Media

  • AZ Jewish News: AZ divesting from Ben & Jerry’s citing ‘antisemitic, discriminatory efforts against Israel’

    “[Lara] Friedman, who is also president of the Washington, D.C.-based Foundation for Middle East Peace, said Arizona, Ben & Jerry’s and Unilever have all been crystal clear, and the state’s law is being applied the way it was intended. Unilever and Ben & Jerry’s say they are not boycotting Israel, but Arizona has defined boycotts to ‘explicitly apply to ‘in territories controlled by Israel,” she said. ‘The law basically says, ‘We don’t care if you do business inside the sovereign state of Israel, if you are differentiating between the sovereign state of Israel and areas of Israel that are not even under Israeli law, or part of the sovereign state of Israel but are controlled by Israel. We consider that boycotting, and you’re done.”

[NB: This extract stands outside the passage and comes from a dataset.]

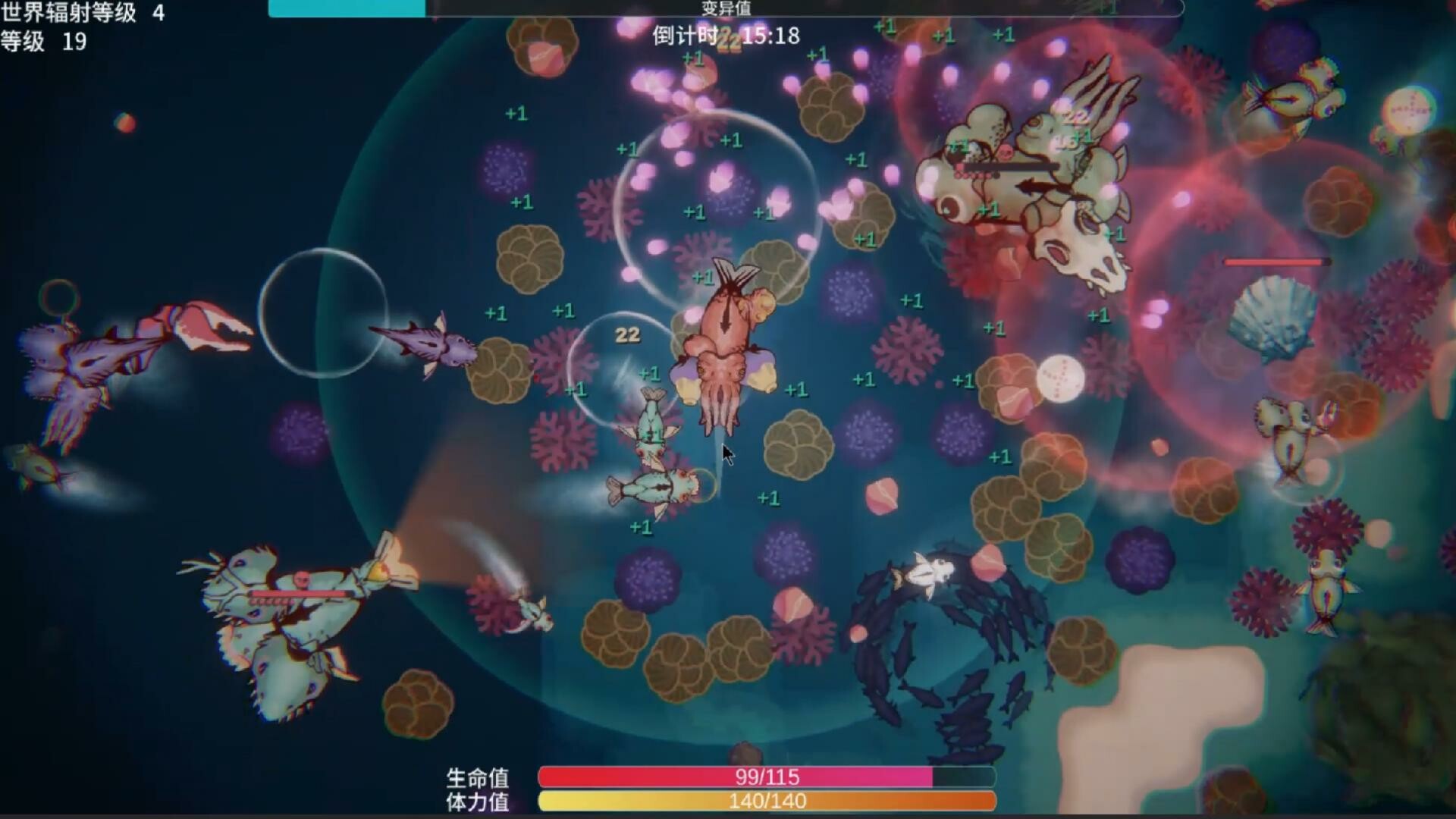 辐射之海2/Sea Of Radiation 2_2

  • NPR: Israel’s New Leader Wants A Fresh Start With America. That Will Be Tough

    “Progressive American Jews, who overwhelmingly voted for Biden, increasingly view Israel’s policies toward Palestinians through the lens of racial justice. ‘It’s a Jewish American population that is maybe more aware than at any time since the civil rights movement of what inequality and inequity and injustice means,’ said Lara Friedman of the Foundation for Middle East Peace in Washington. But she said the Democratic establishment has little appetite to adopt progressive positions and push Israel to change its policies significantly toward Palestinians in a way that could be turned into a wedge issue weakening Democrats ahead of U.S. midterm elections.”

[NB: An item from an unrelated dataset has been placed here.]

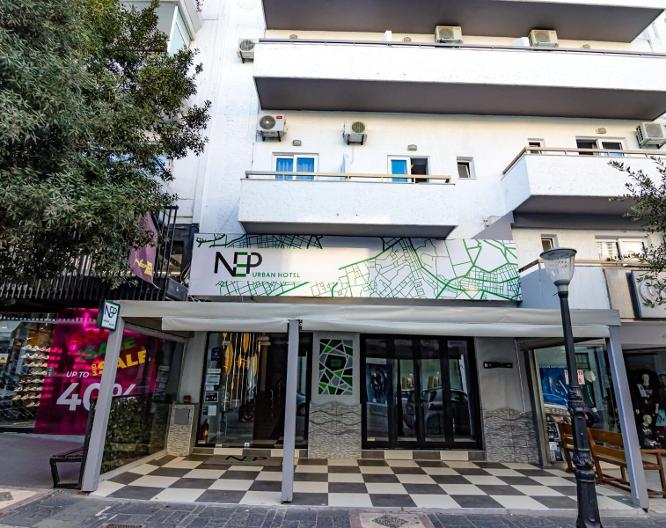 NEP Urban Hotel - Außenansicht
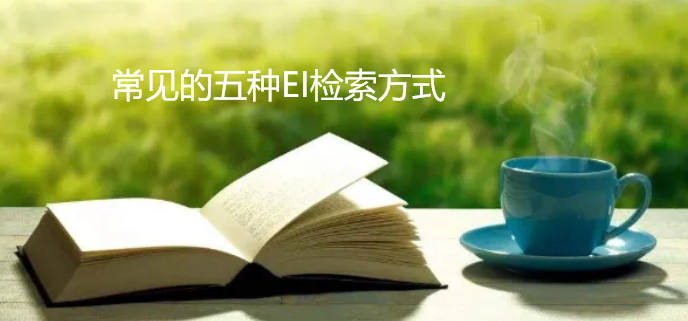 常見的五種EI檢索方式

  • ForeignPolicy.com – An Israeli-Palestinian Ice Cream Sandwich

    “But persuading the courts or Americans themselves to sanction Ben & Jerry’s may not be the ultimate point of the exercise, according to some observers. ‘This is less about waiting to see if sanctions are imposed on Ben & Jerry’s,’ said Lara Friedman, president of the Foundation for Middle East Peace. ‘The point is to send a message to any company that this is going to cost you financial harm. It’s the chilling effect.'”

  • Times of Israel: How McDonald’s took the same stance as Ben & Jerry’s but avoided public backlash

    “‘Israel decides to make an issue of people differentiating [between] settlements [and Israel proper] when it feels like it,’ she [FMEP’s Lara Friedman] said, referencing economic agreements former prime minister Benjamin Netanyahu’s government signed with the EU and South Korea and China that explicitly do not apply to the settlements. ‘In those cases [Netanyahu] didn’t make a deal of it or accuse them of boycotting Israel.’…FMEP’s Friedman explaining that Jerusalem seized on the public nature of Ben & Jerry’s announcement ‘as an opportunity, rather than a challenge.’ ‘Where McDonald’s is a challenge because [the government would] like to keep their branches in Israel, Ben & Jerry’s has been an opportunity to reframe the issue in terms of BDS and to send a warning message to anyone else who might want to do it,” she posited, noting that the same strategy was employed against Airbnb three years ago.'”

  • JTA: How US laws against Israel boycotts could hit Ben & Jerry’s

    “Following a series of First Amendment challenges to the laws, many states now set a minimum amount of $100,000 in trade before anti-BDS measures can be triggered against a contractor. That would mean that smaller Ben & Jerry’s contracts would remain unaffected, even in states with anti-BDS laws. But Friedman told the Jewish Telegraphic Agency that future contracts could be jeopardized. ‘If Ben & Jerry’s bids annually for a contract to provide ice cream for the University of Texas, and the University of Texas has an anti-BDS clause that you have to sign when you’re putting in a bid, that could be a problem,’ she said.”

  • Foreign Policy: Israel Goes to War Again, This Time Against Ben & Jerry’s

    “The effort here is to impose the greatest possible reputational harm and business costs on Ben & Jerry’s and Unilever,” both to reverse the policy and send a chilling message to other companies, Lara Friedman, president of the Washington-based Foundation for Middle East Peace, told Foreign Policy. ‘But this was the point of these anti-BDS laws: redefining support for Israel as support for Israel and its permanent control over the West Bank and East Jerusalem.’”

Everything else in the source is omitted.